Thames Portfolio
- siladan010
- May 26
- 1 min read
Thames
With its ever-flowing ebbs and floods, The River Thames continuously reshapes its surroundings. Its dynamic moods, energy and flow employ a powerful pull on me and my art practice. This series of images uses as its foundation Peter Ackroyd’s (2007) portrayal of the river as a space of trade and politics, literature, art, culture, identity, tragedy and suicide, as opposed to not just as an inert physical presence stripped of historical or artistic context.
With this work, I explore the idea of impermanence or everchanging flow that leads me towards dissolving the image.

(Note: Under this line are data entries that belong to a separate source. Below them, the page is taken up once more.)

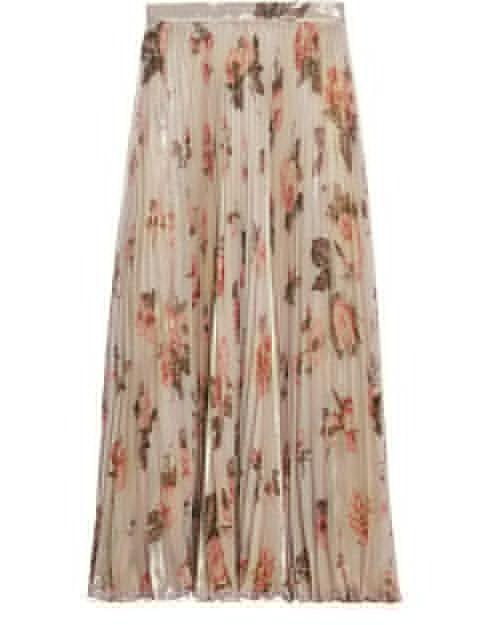 Skirt with sunburst pleats in silk lamé by CELINE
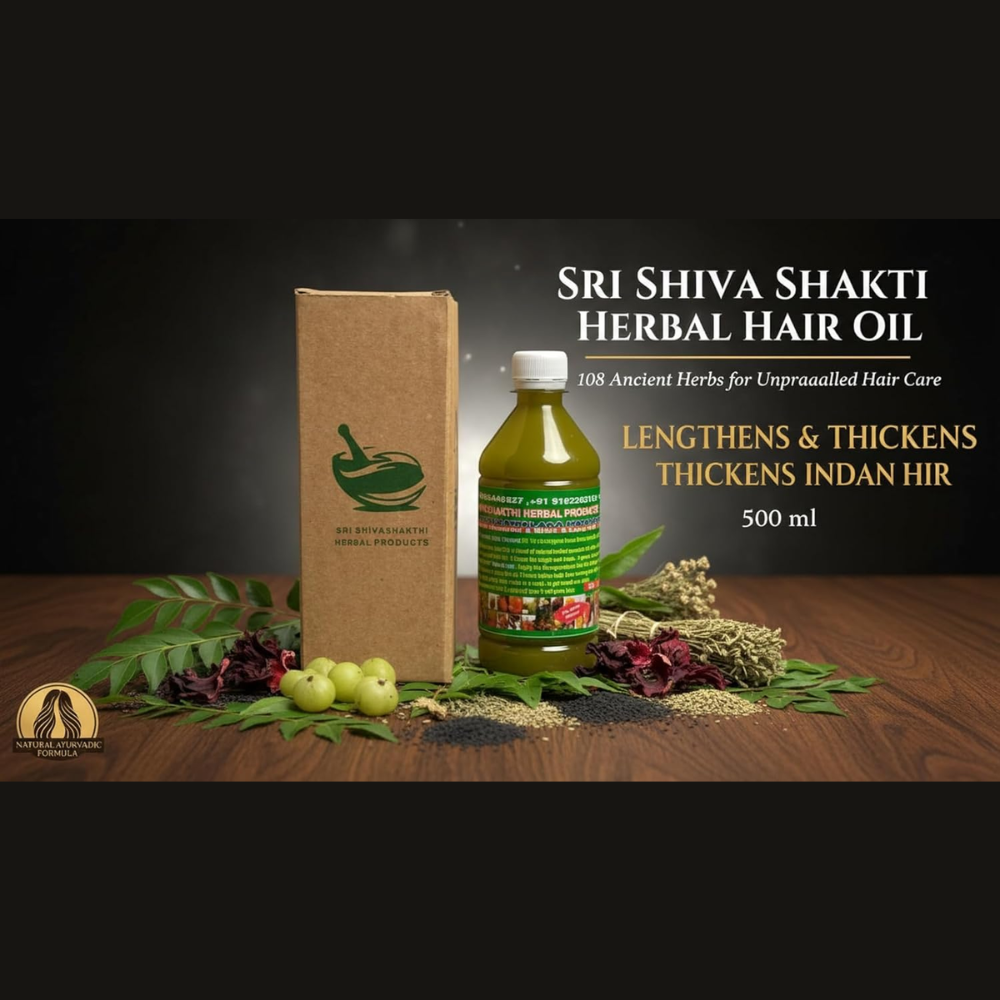 Sri Shiva Shakti Herbal Hair Oil with 108 herbs in a 500ml bottle, designed for Indian hair lengthening and thickening.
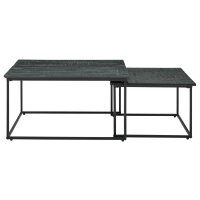Roomio No. 2001 - Couchtisch-Set schwarzes Mangoholz & schwarzes Metall - zweiteilig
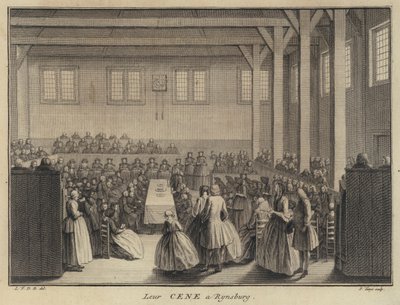 Herrens nattvard i en kollegiansk kyrka i Rijnsburg, Nederländerna (gravyr) av Pierre Tanje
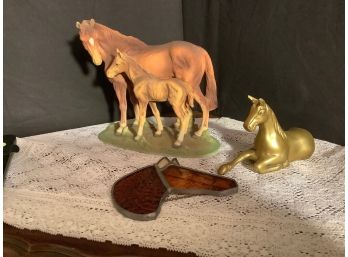 Porcelain Hand Painted Mare & Foal & More-Read Description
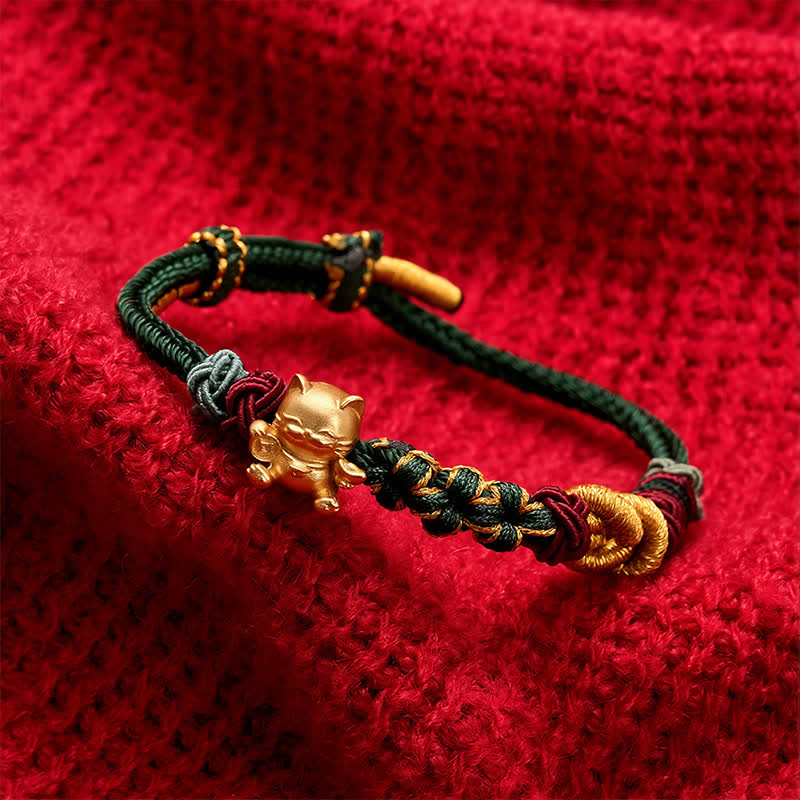 Nimara Ritual Hand-Woven Red String Lucky Cat Protection Bracelet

The process of making this work is ritualistic and to an extent, performative. I use a 5x4 camera (with a digital back) to record a visual diary of the responses I notice of the relation of the River Thames with the Waterman stairs. After walking down the stairs on the River Thames sometimes jumping over protection fences, I set up my tripod, mount my camera, and seek a sensorial synchronisation with the River Thames. With my camera setup, I capture multiple long and short exposures, bringing to life otherwise unnoticeable and invisible things. My camera sensor records the light reflection of the river’s splashing water onto the waterman stairs, creating ghostly-looking areas and producing ambiguous and peculiar landscapes of concrete and water.